Hastaların bir diğer ortak özelliği ise aniden gelişen göz ağrısı ve ışığa duyarlılıktır. Sinir hücrelerini etkisi altına alan omurgadaki yeni oluşumlar görme sistemini son derece olumsuz bir şekilde etkiler ve bunun sonucunda ise hastalar bulanık görmeye başlar. Bu semptom ciddi bir durum olduğu için hastaların bu durumu yaşadığı an doktorua başvurması gerekmektedir.
Ankilozan spondilit belirtileri ergenlik çağında başlayarak yetişkinlik evresinde ortaya çıkan bir dizi süreçten oluşur. Ergenlik çağında yeni oluşmaya başlayan omurga diskleri arasındaki yeni oluşum azda olsa bölgesel bel veya boyun ağrılarına sebebiyet verebilir. Ergenlik zamanlarından önemsenmeyen bu sorunlar ebeveynler tarafından dikkatli bir şekilde takip edilmelidir.

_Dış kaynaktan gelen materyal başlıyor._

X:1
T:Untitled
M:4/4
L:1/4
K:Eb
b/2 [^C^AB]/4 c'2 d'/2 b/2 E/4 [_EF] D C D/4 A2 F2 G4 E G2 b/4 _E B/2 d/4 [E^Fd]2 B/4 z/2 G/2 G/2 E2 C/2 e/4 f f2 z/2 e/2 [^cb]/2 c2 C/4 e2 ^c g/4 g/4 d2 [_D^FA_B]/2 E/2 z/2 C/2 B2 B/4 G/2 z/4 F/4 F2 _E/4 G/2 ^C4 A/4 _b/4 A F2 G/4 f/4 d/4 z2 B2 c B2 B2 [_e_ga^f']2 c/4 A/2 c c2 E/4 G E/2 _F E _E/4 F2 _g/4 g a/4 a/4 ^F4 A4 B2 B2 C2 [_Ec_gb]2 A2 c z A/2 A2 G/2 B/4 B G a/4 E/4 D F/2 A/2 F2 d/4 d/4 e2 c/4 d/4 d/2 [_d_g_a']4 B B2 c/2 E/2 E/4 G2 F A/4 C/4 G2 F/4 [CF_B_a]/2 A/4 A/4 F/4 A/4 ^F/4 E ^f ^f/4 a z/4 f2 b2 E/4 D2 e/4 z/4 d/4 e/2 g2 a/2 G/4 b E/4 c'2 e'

Hastalığın tanısı ister ergenlik döneminde isterse yetişkin dönemde konmuş olsun, bu rahatsızlığa sahip kişiler mutlaka yaşam tarzında köklü değişikler yapmalıdır. İlk başta ankilozan spondilit beslenme alışkanlıkları edinilmelidir. Bir ankilozan spondilit hastası sık aralıklarla ve hafif öğünlerle beslenme ihtiyacını karşılamalıdır. Mümkün olduğunca uzman hekim tarafından belirlenen egzersizler eksiksiz yapılmalıdır. Ankilozan spondilit hastasının aldığı her kilo ağrılarını ve duruş bozukluklarını olumsuz yönde etkileyeceği için dengeli ve yeterli beslenme kurallarına uyulmalıdır.

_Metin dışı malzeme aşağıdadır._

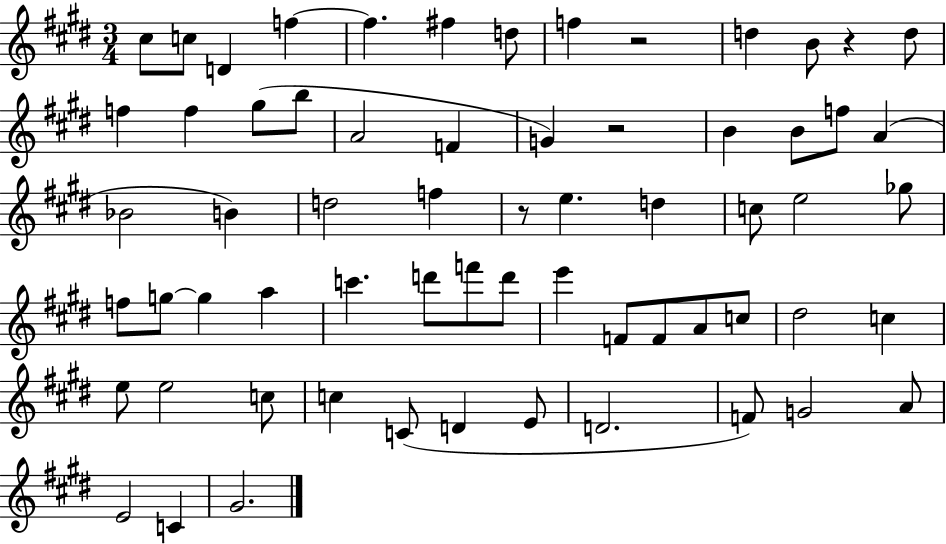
X:1
T:Untitled
M:3/4
L:1/4
K:E
^c/2 c/2 D f f ^f d/2 f z2 d B/2 z d/2 f f ^g/2 b/2 A2 F G z2 B B/2 f/2 A _B2 B d2 f z/2 e d c/2 e2 _g/2 f/2 g/2 g a c' d'/2 f'/2 d'/2 e' F/2 F/2 A/2 c/2 ^d2 c e/2 e2 c/2 c C/2 D E/2 D2 F/2 G2 A/2 E2 C ^G2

Şiddetli ağrıların yaşandığı zamanlarda ısı kompresleri ağrıların hafifletilmesi için uygulanabilir. Ağrı oluşumunu engellemek amacıyla hastalar mümkün olduğu kadar aktif bir yaşam tarzını benimsemelidir. Masa başında çalışan hastalar ise mutlaka oturdukları yerden egzersizlerini yapmalı ve sırt bölgelerini destekleyecek yastıklarla esnekliğini korumaya çalışmalıdır.

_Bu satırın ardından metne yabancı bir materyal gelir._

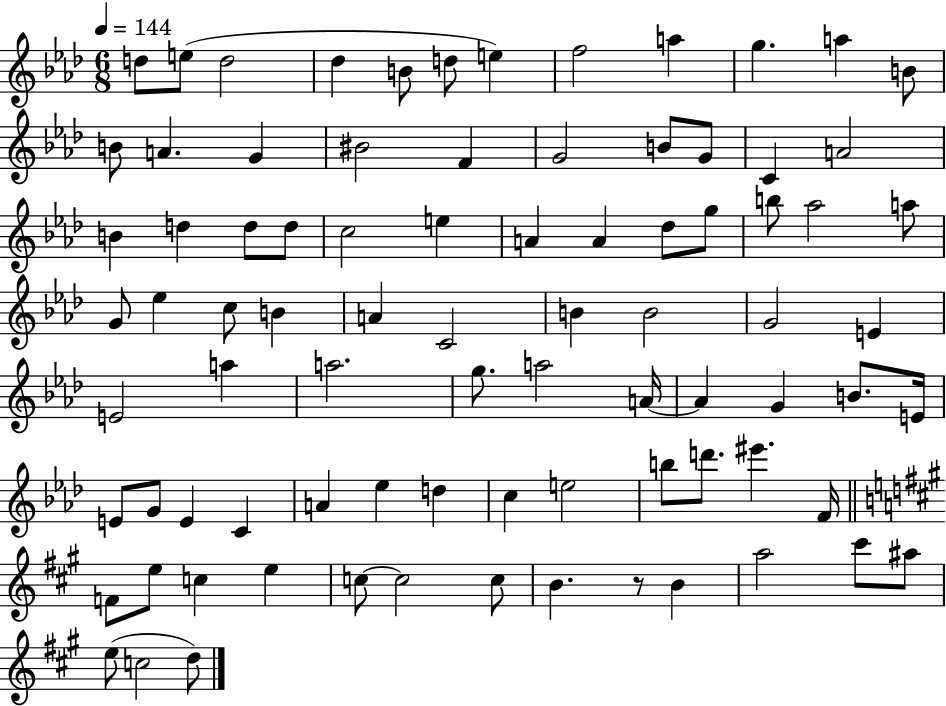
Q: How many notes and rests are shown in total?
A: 84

Ankilozan spondilit hastalarında ilerlemiş vakaların sigara tüketimine bir an önce son vermesi gerekir. Omurgaların akciğere baskı yapması yeteri kadar oksijen almaya engel olduğundan hastalar bunun üstünde sigara alışkanlığından vazgeçmeyerek daha ciddi akciğer hastalıklarının önünü açabilir.
Hastaların yatağı omurganın esnemesi için özel olarak seçilmeli ve düzenli bir uyku düzeni sağlanmalıdır. Tüm gece rahatsız bir yatak yüzünden hastaların günlük yaşamları olumsuz etkilenebilir ve duruş bozuklukları daha büyük sorunlar yaratabilir.